Military doctors said the findings were no surprise given the dramatic increase in fighting, which was at its most intense level during the survey period since officials began doing such battlefield mental health analyses in 2003. The grim statistics dramatized the psychological cost of a war campaign that U.S. commanders and officials say has reversed the momentum of the insurgency in the war-ravaged country.

"There are few stresses on the human psyche as extreme as the exposure to combat," Lt.-Gen. Eric B. Schoomaker, the Army surgeon general, said at a Pentagon news conference.

Some 70 to 80 per cent of troops surveyed for the report said they had seen a buddy killed; roughly half of soldiers and 56 per cent of Marines said they'd killed an enemy fighter, and about two thirds of troops said that a roadside bomb — the No. 1 weapon of insurgents — had gone off within 55 yards of them.

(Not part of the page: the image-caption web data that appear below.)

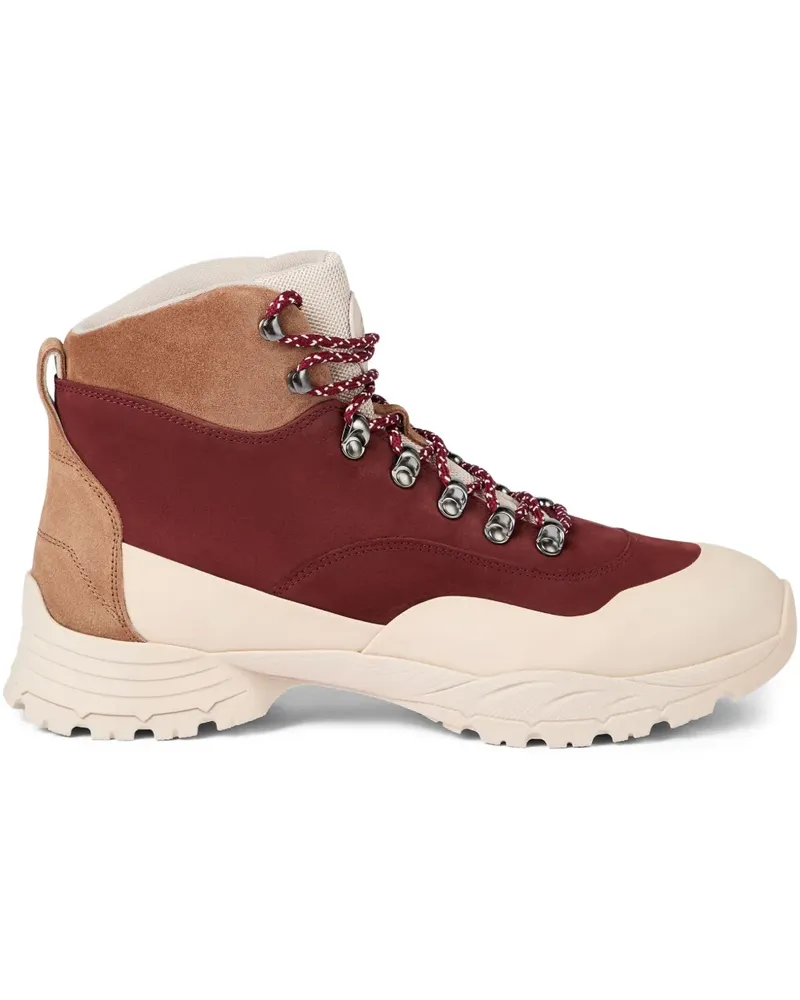 Brunello Cucinelli Stiefel aus Nubukleder - Rot Rot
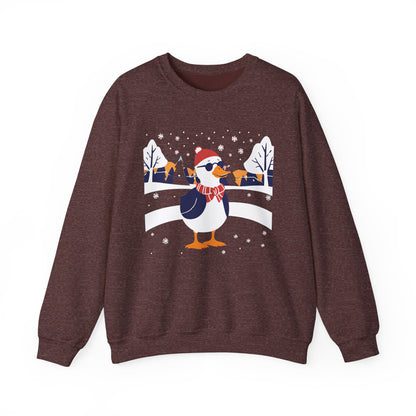 Graphic Designed Holiday Christmas Unisex Crewneck Sweatshirt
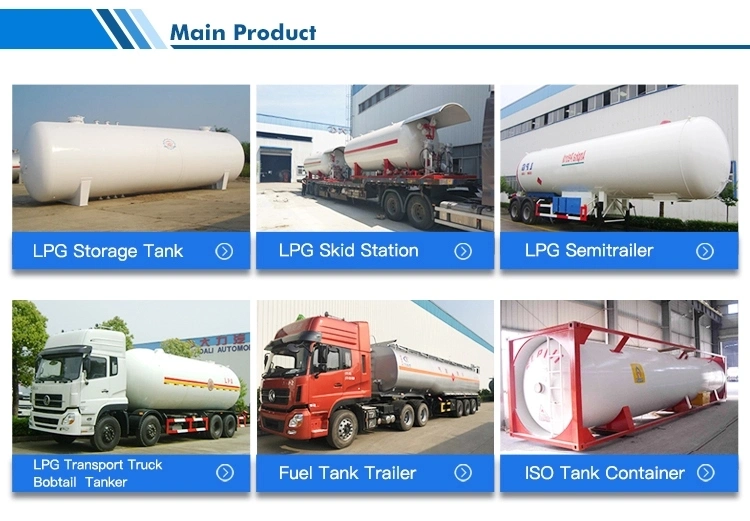5000gallon ASME Propane Gas Tank LPG Sikd Station Suppliers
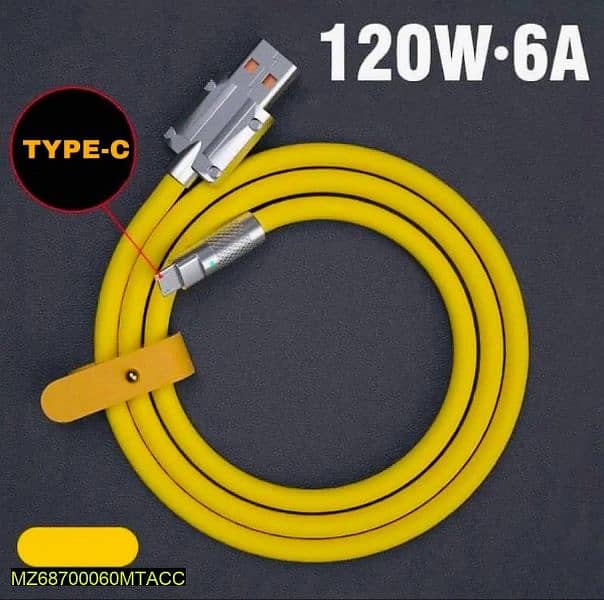Fiber Type C-Mobile Fast Charging Cable 120W 4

Those incidents were higher than what troops experienced in the previous year in Afghanistan as well as during the 2007 surge of extra troops into Iraq, the report said.

But the rate of psychological problems may actually be small, considering the high level of combat that troops are seeing, said Col. Paul Bliese, who led the last three survey teams to the battlefield, in 2007, 2009 and 2010.

"We would have expected to see a much larger increase in the mental health symptoms and a much larger decrease in morale . . . based on these incredibly high rates of exposure" to traumatic combat events, Bliese said.

Meanwhile, the military said that it has doubled the mental health staff in the country to help troops cope with their problems.

The new data comes from a mental health team that polled more than 900 soldiers, 335 Marines and 85 mental health workers on the Afghan battlefield during last July and August.